▶ [Your instructions] Your output should be the lines below from the one holding "Traditional Woven Silk" through the one holding "Vintage Aesthetic Pink", transcribed exactly, with no pictures.

────────────────

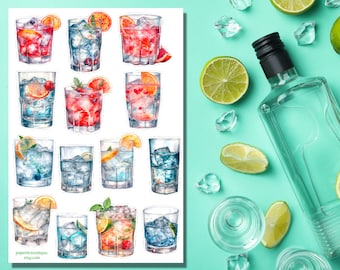 Stickervel aquarel wodka, alcohol, sterke drank, drankjes voor volwassenen, cocktail, happy hour, barman, planner, Bullet Journal, scrapbooking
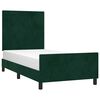 vidaXL Estructura de cama sin colch&oacute;n terciopelo verde oscuro 90x200cm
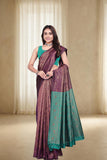 Traditional Woven Silk Saree with Brocade Border and Contrast Pallu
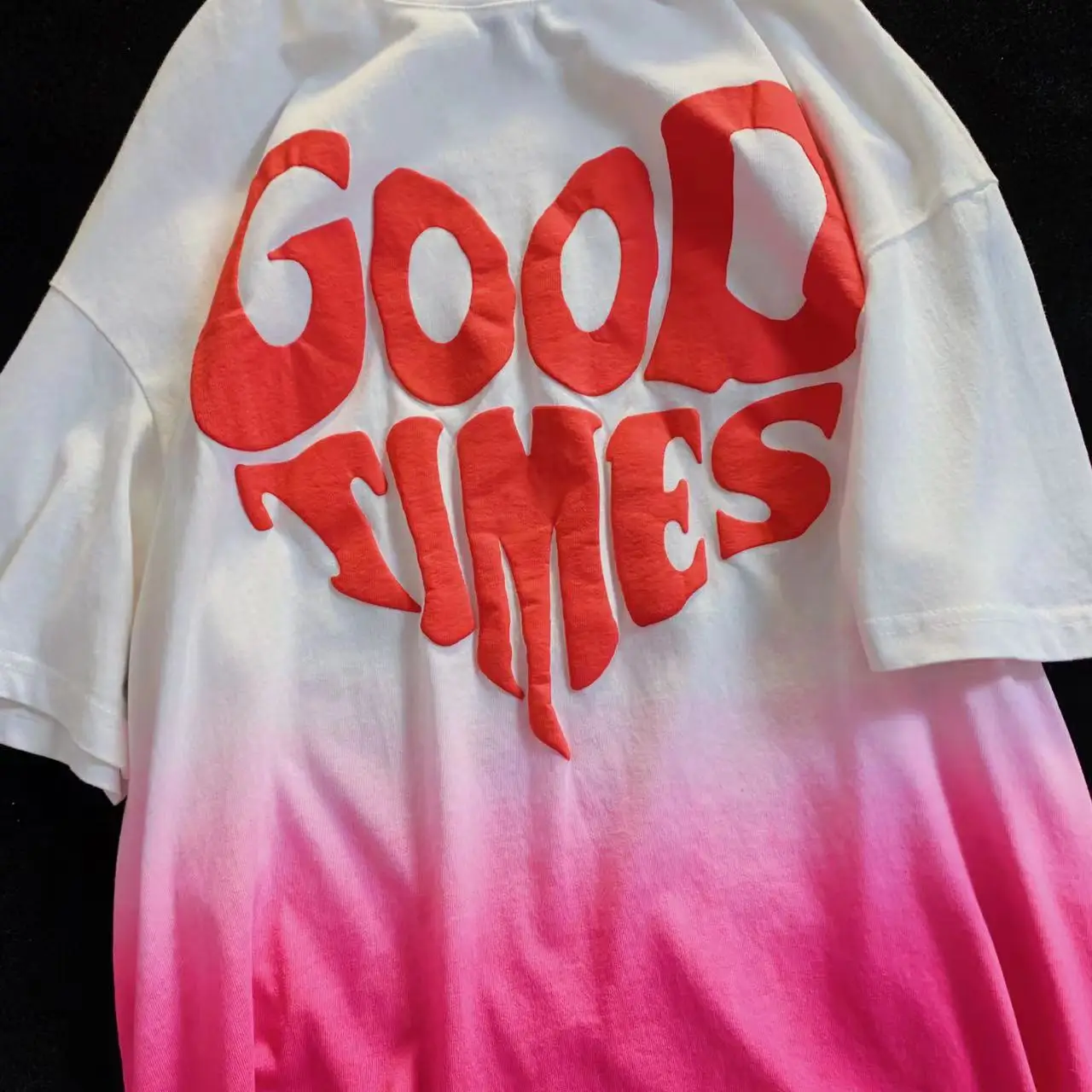 

Vintage Aesthetic Pink Tie Dye Cute Letter Graphic T Shirts O-neck Oversized Tops Kawaii E Girl Goth Clothes Summer Plus Size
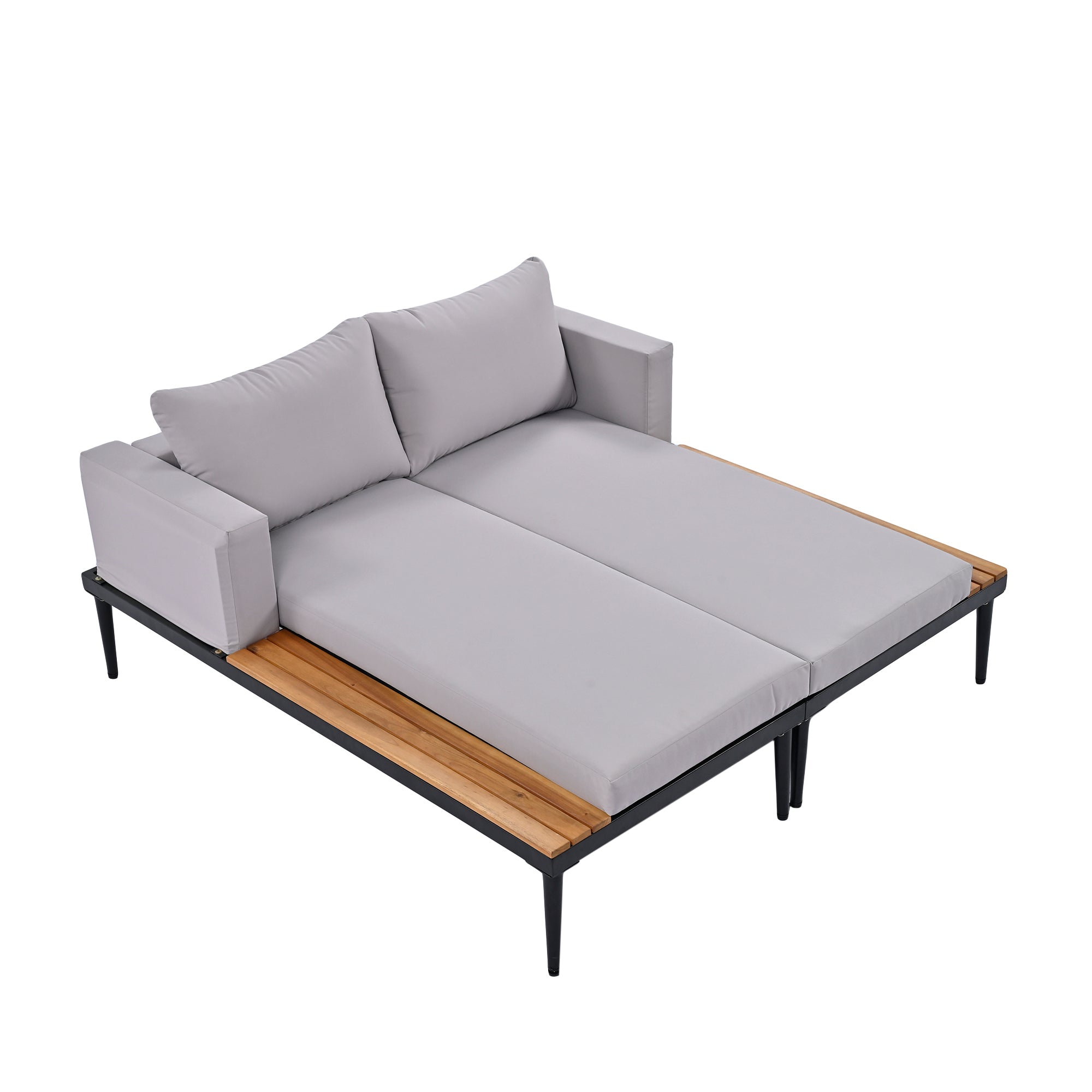 TOPMAX Modern Outdoor Daybed Patio Metal Daybed with Wood Topped Side Spaces for Drinks, 2 in 1 Padded Chaise Lounges for Poolside, Balcony, Deck, Gray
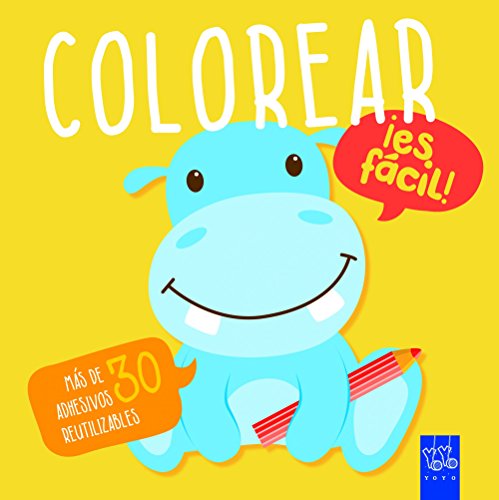Colorear ¡es fácil! Hipopótamo: Con adhesivos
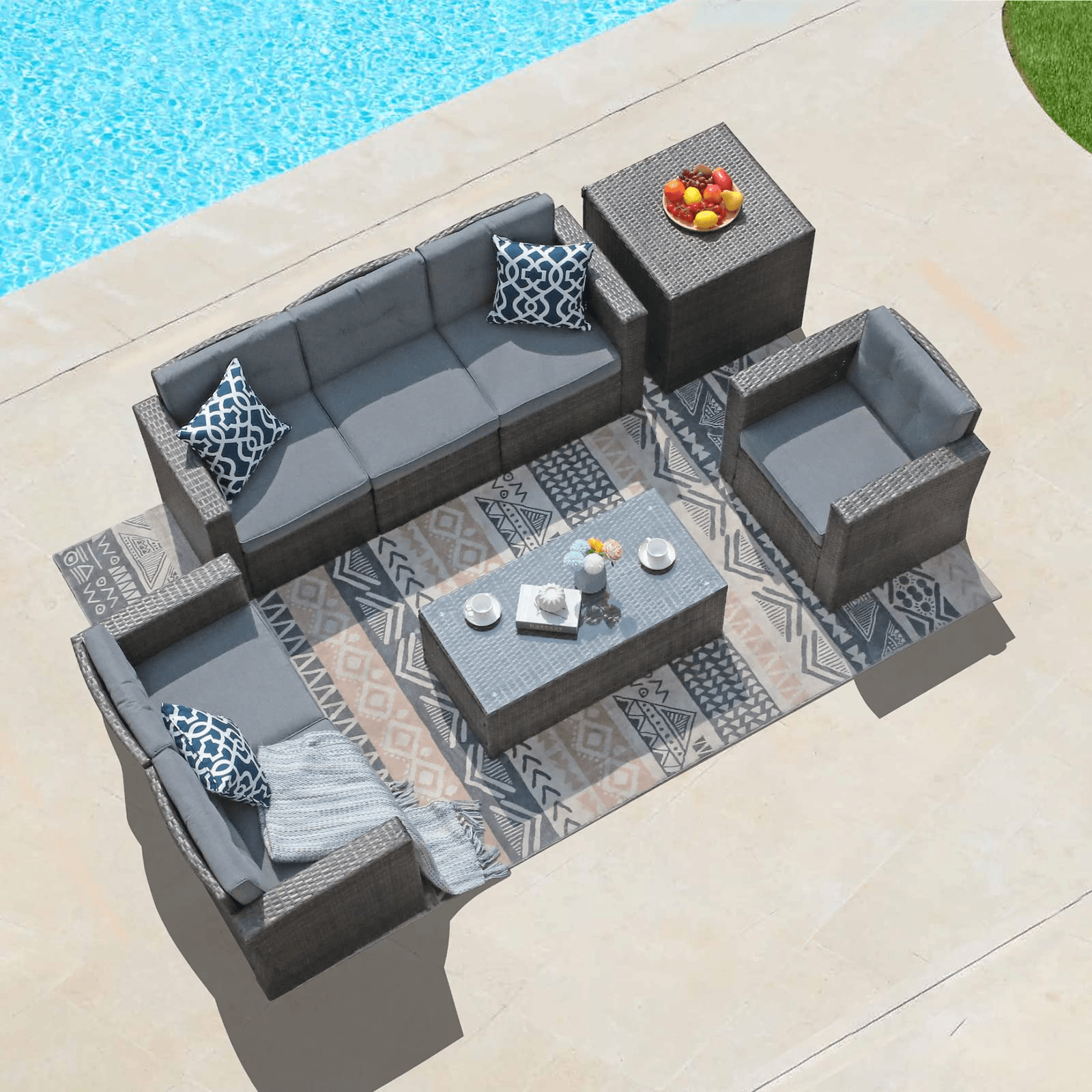 8pcs Outdoor Sectional Sofa Set Wicker Patio Furniture Sectionals Grey/Brown | Orange-Casual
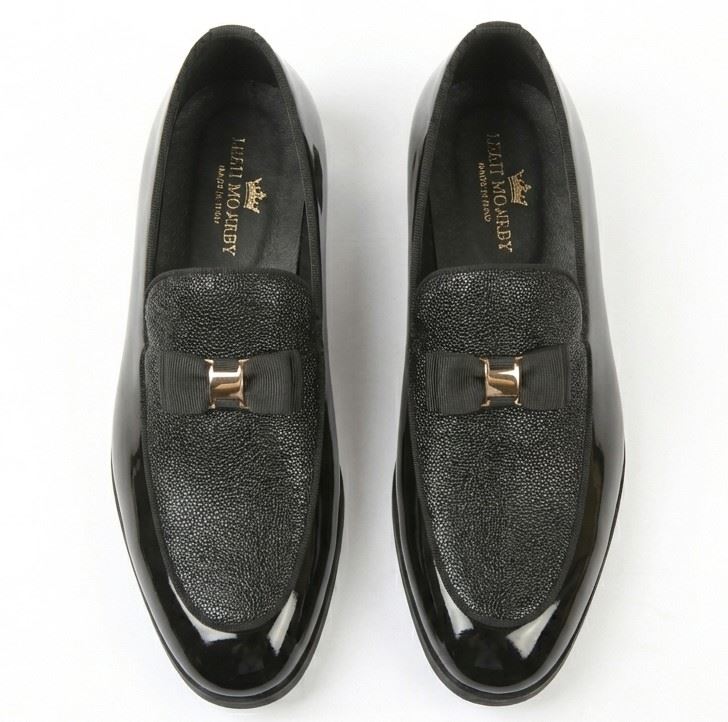 Men’s Formal Dress Loafers Patent PU Leather Textured Front Iconic Buckle Bow Modern Slip-On Shoes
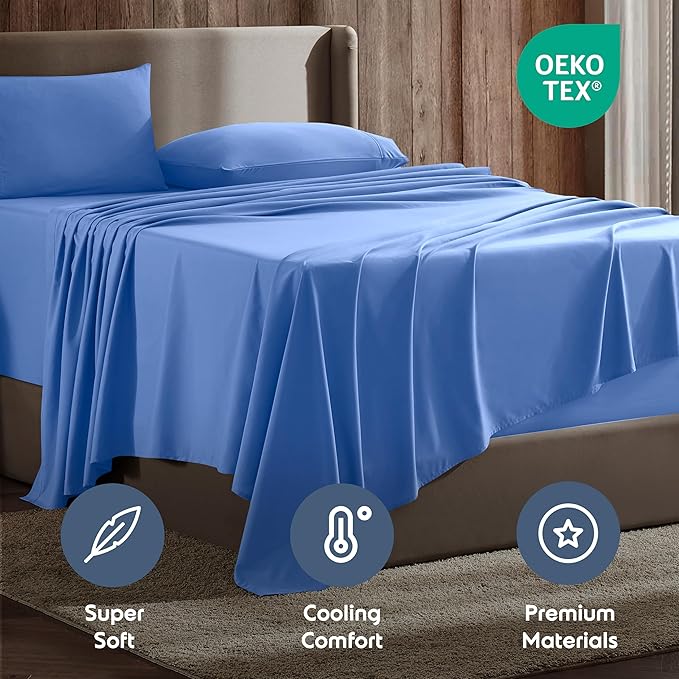 Nestl Queen Sheet Set - Luxury 1800 Ultra-Soft Microfiber Bed Sheets - Double Brushed - Deep Pockets - Easy Fit - 4 Piece Set - Bedding Sheets & Pillowcases (Queen, Calm Blue)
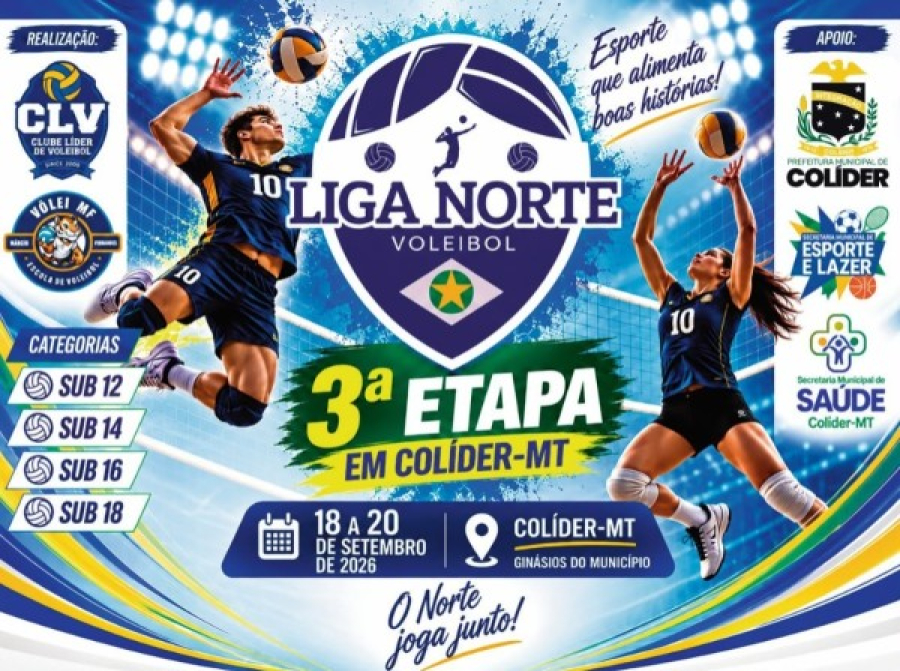 Colíder recebe 3ª etapa da Liga Norte de Voleibol com 71 equipes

────────────────

▶ [Written solution]
 Traditional Woven Silk Saree with Brocade Border and Contrast Pallu

Vintage Aesthetic Pink Tie Dye Cute Letter Graphic T Shirts O-neck Oversized Tops Kawaii E Girl Goth Clothes Summer Plus Size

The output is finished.